2. Penelitian Matan Hadis Dalam penelitian terhadap hadis tidak cukup hanya
dengan penelitian sanad saja tapi mengabaikan matan. Karena keduanya
merupakan satu kesataun jika sanad sebagai pembawa berita dan matan
adalah beritanya. Sejak pertengahan abad kesembilan belas para pemikir
Muslim menghadapi banyak tantangan berulang terhadap gagasan Islam
klasik tentang autoritas keagamaan. Pergolakan di dunia Muslim telah
mendorong meluasnya pengujian kembali sumber-sumber klasik hukum
Islam karena orang muslim telah berjuang untuk memelihara, menyesuaikan
atau mendefinisikan kembali norma-norma sosial dan menghadapi kondisi
yang berubah (Daniel W. Brown, 2000).
Seperti halnya dengan pesan Tuhan yang absolut dan universal yang
hadir dalam latar belakang sejarah dan pengambilan fokus sejarah dan
mengambil fokus bahasa dan tulisan, maka tidak bisa tidak ia harus hadir
dalam warna partikular, sekalipun pesannya tetap absolut dan universal. Lalu,
karena perjalanan sejarah yang panjang tidak menutup kemungkinan bagi
para penganutnya, terutama kalangan agamawan untuk melakukan
interpretasi terhadap kitab suci. Interpretasi yang terlalu liberal bisa saja
terlalu melenceng dari doktrin tauhid yang sesungguhnya, sehingga doktrin
tauhid yang semula masih murni dan sederhana lalu berubah oleh tangan-
tangan manusia yang tidak terkendali (Yunasril Ali, 2012).

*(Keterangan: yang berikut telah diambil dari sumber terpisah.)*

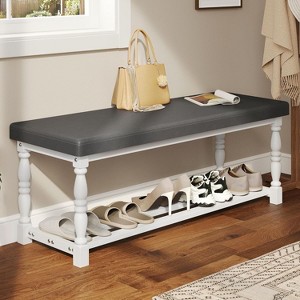 Entryway Shoe Bench with Cushioned Seat & Storage for 5-6 Pairs of Shoes Shoe Rack with Roman Style Legs Gray - 1 of 4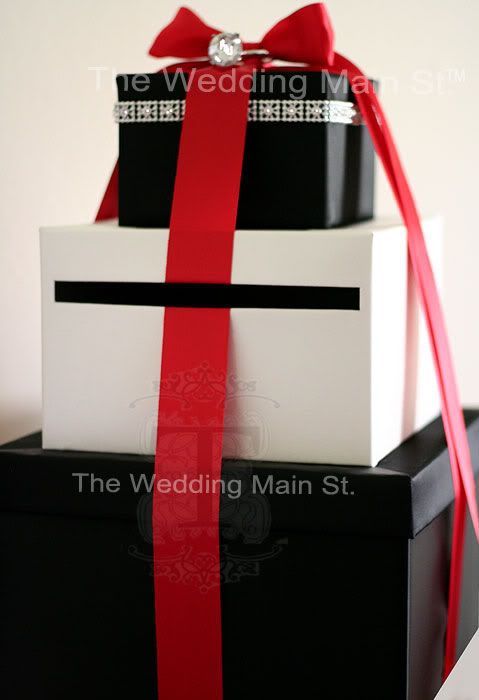 Red Color Satin Ribbon SIZE 3 tier card box Approximately 16 tall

Hal ini juga terjadi ketika kita berbicara pada ranah hadis, dalam
menyikapi matan hadis ada yang membaca hadis dengan sangat tekstual saja
sehingga hadis yang dibaca menjadi sangat sempit dan reterlek. Sedangkan
ada pula yang membaca hadis dengan pembacaan yang sangat kontekstual
dan tidak jarang jauh dari teksnya itu sendiri sehingga pembacaannya pun
menjadi luas namun tidak jarang kabur dari makna yang sebenarnya.
Tujuan pokok penelitian hadits, baik dari segi sanad maupun matan adalah
untuk mengetahui kualitas hadits yang diteliti. Kualitas hadits sangat perlu
diketahui dalam hubungannya dengan kehujahan hadits yang bersangkutan.
Hadits yang kualitasnya tidak memenuhi syarat dan tidak dapat digunakan
sebagai hujjah. Pemenuhan syarat itu diperlakukan karena hadits merupakan
salah satu sumber ajaran Islam. Penggunaan hadits yang tidak memenuhi syarat
akan mengakibatkan ajaran Islam tidak sesuai dengan apa yang seharusnya.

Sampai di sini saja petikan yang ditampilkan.